Information shown =>
_ _ _ _ _
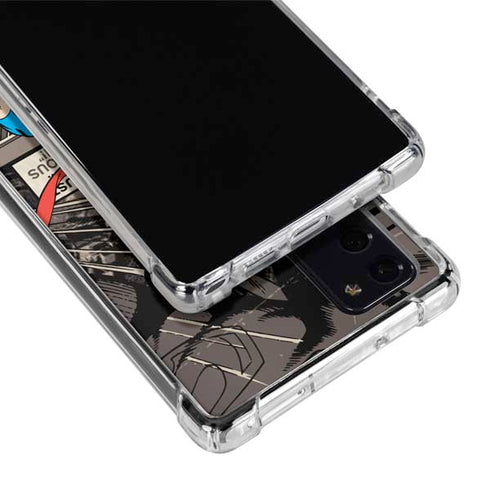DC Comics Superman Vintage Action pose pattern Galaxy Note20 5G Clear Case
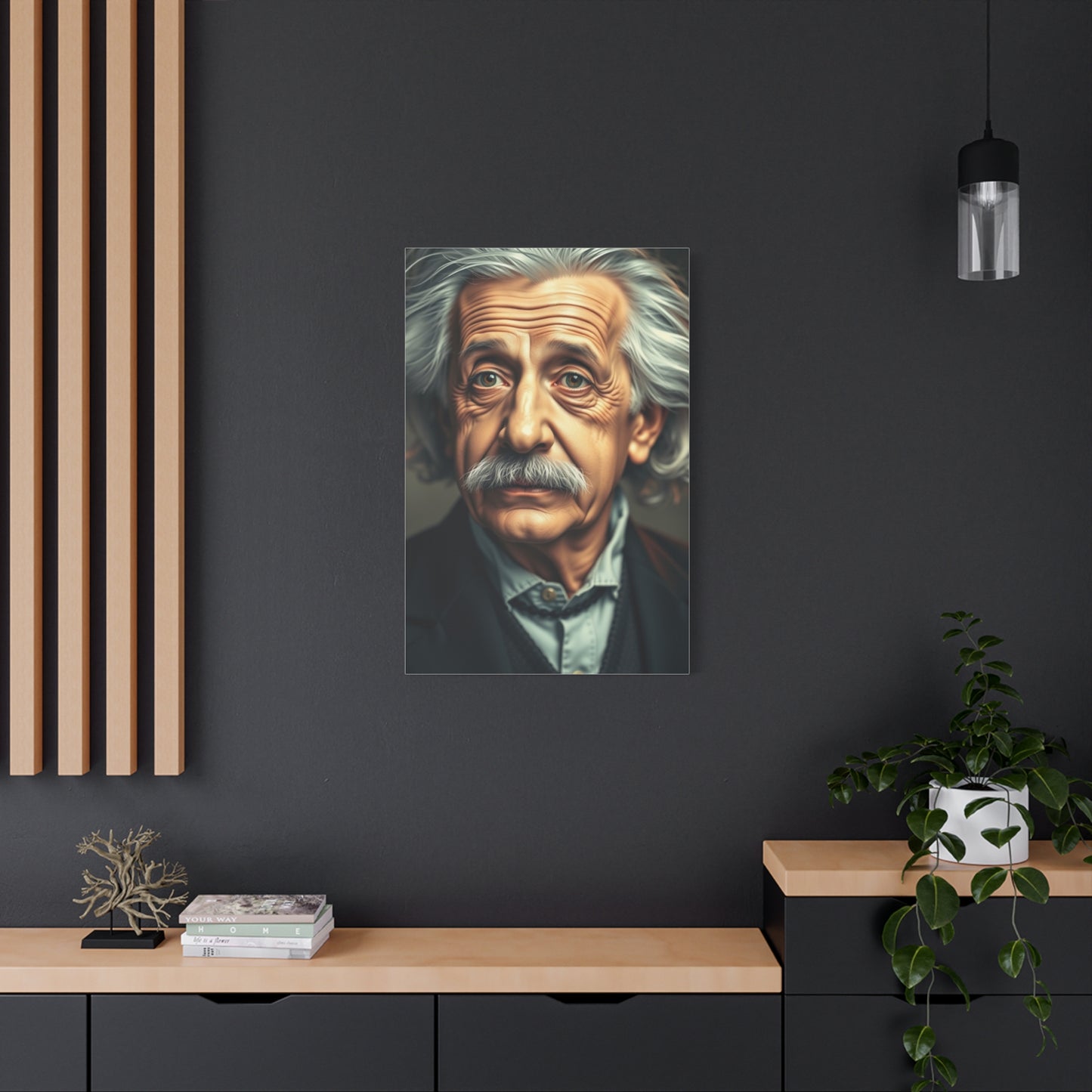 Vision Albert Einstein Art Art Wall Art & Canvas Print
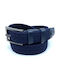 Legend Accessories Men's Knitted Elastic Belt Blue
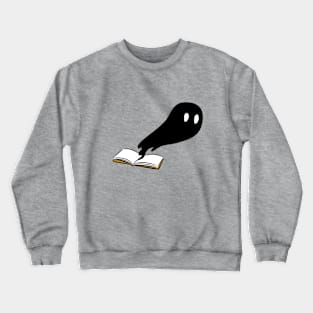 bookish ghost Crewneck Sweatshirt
_ _ _ _ _
Brief =>
Exactly as written, restate the lines from the one that contains "Vision Albert Einstein" through the final line of the data, both ends included, but leave out the pictures.

Solution for this exercise =>
 Vision Albert Einstein Art Art Wall Art & Canvas Print
 Legend Accessories Men's Knitted Elastic Belt Blue
 bookish ghost Crewneck Sweatshirt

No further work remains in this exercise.